* _Work to complete_:
For the material below, output exactly the span from the line with "Golden energy sphere" to the line with "- La sainte", including both, and nothing besides.
[Start of Attachment]
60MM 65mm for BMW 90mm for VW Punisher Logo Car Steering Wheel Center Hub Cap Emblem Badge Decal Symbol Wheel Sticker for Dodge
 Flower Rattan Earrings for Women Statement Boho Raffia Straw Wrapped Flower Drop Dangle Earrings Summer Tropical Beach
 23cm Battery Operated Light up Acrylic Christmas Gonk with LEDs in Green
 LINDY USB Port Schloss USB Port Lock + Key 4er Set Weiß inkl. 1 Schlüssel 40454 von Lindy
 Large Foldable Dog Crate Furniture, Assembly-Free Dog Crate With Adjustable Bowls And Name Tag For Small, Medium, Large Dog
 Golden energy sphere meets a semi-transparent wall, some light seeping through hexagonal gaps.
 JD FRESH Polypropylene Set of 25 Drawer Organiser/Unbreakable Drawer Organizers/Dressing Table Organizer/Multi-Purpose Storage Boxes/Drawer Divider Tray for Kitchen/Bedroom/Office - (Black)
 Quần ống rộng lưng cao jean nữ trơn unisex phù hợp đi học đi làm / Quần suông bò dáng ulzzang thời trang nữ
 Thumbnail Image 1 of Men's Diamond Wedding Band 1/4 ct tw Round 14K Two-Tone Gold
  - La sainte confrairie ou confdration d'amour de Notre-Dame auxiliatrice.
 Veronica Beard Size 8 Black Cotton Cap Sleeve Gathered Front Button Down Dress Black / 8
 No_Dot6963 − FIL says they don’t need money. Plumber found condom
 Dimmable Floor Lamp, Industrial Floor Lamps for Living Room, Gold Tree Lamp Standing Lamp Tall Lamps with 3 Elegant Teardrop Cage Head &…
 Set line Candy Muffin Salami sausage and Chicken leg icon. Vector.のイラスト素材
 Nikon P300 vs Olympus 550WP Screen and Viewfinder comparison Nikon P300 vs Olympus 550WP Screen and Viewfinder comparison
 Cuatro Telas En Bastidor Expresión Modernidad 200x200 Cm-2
[End of Attachment]
* _Answer for the task_:
 Golden energy sphere meets a semi-transparent wall, some light seeping through hexagonal gaps.
 JD FRESH Polypropylene Set of 25 Drawer Organiser/Unbreakable Drawer Organizers/Dressing Table Organizer/Multi-Purpose Storage Boxes/Drawer Divider Tray for Kitchen/Bedroom/Office - (Black)
 Quần ống rộng lưng cao jean nữ trơn unisex phù hợp đi học đi làm / Quần suông bò dáng ulzzang thời trang nữ
 Thumbnail Image 1 of Men's Diamond Wedding Band 1/4 ct tw Round 14K Two-Tone Gold
  - La sainte confrairie ou confdration d'amour de Notre-Dame auxiliatrice.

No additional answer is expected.